The legislation, which is included in the fiscal 2013 budget, aims to help students understand how to manage money before graduating.
If the program is signed into law, the Department of Secondary and Elementary Education will develop a three-year pilot program for 10 public high schools located in Gateway Cities throughout the state. The program is anticipated to cost $250,000 in the first year.
There are 24 such cities in Massachusetts, including Lowell and Fitchburg. The districts will be chosen based on a competitive grant process.
State Sens. Barry Finegold and Jamie Eldridge filed separate bills last year aimed at curbing the alarming number of students who find themselves under a mountain of debt. They praised the state for taking the initial steps that they hope will lead to a statewide course requirement.
“I feel strongly that every single school system should offer financial literacy,” said Finegold, an Andover Democrat. “Knowing how to balance a checkbook, knowing how credit cards work is just as important as learning science and learning certain math skills.”
While the two lawmakers’ bills proposed adding personal-finance lessons to the math curriculum for all students, Finegold said trying the program in Gateway Cities makes sense, given that those cities often have the highest instances of foreclosures in the state.
Gateway Cities have populations greater than 35,000 and less than 250,000. They also have a median household income below the statewide average, and a rate of educational attainment of a bachelor’s degree or higher that is below the state average.
The cities often receive state grants and support for economic and community development.
Topics expected to be covered in the financial-literacy classes include loans, interest, credit-card debt, online commerce, renting or buying a home, and planning for retirement.
According to the state Office of Consumer Affairs and Business Regulation, teenagers spend, on average, $5,400 a year, about 98 percent of what they earn.

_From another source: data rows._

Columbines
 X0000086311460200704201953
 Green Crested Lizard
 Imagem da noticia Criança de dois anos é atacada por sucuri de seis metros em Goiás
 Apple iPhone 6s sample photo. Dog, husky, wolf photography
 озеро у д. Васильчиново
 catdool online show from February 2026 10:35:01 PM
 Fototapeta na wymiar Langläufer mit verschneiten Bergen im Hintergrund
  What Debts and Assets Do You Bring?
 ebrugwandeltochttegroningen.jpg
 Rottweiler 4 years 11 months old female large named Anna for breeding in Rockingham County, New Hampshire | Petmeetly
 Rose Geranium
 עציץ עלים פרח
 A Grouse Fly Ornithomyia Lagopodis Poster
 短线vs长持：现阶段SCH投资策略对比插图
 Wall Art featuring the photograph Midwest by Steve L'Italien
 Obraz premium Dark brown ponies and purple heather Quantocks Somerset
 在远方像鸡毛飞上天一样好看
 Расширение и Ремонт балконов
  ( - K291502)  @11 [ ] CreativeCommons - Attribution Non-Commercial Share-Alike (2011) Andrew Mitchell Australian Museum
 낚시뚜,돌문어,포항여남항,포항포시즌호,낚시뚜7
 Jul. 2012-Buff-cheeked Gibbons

About 40 percent of it is on clothing. Also, more students drop out of college due to teen-accumulated debt than for academic reasons.
Personal finance is taught in some Massachusetts high schools, but it’s not required. Fewer than one-third of all states require personal financial literacy, with New Hampshire the only one in New England.
Eldridge, an Acton Democrat, said the program will help students avoid bankruptcies, foreclosures and unmanageable debt later in life.
“It’s a low-cost investment that will pay dividends down the line, he said.
A financial-literacy bill was filed by former state Sen. Susan Tucker, D-Andover, in 2009. It passed in the Senate but never reached the House floor for a vote.
The budget has been passed by both the House and Senate. It now awaits the governor’s signature.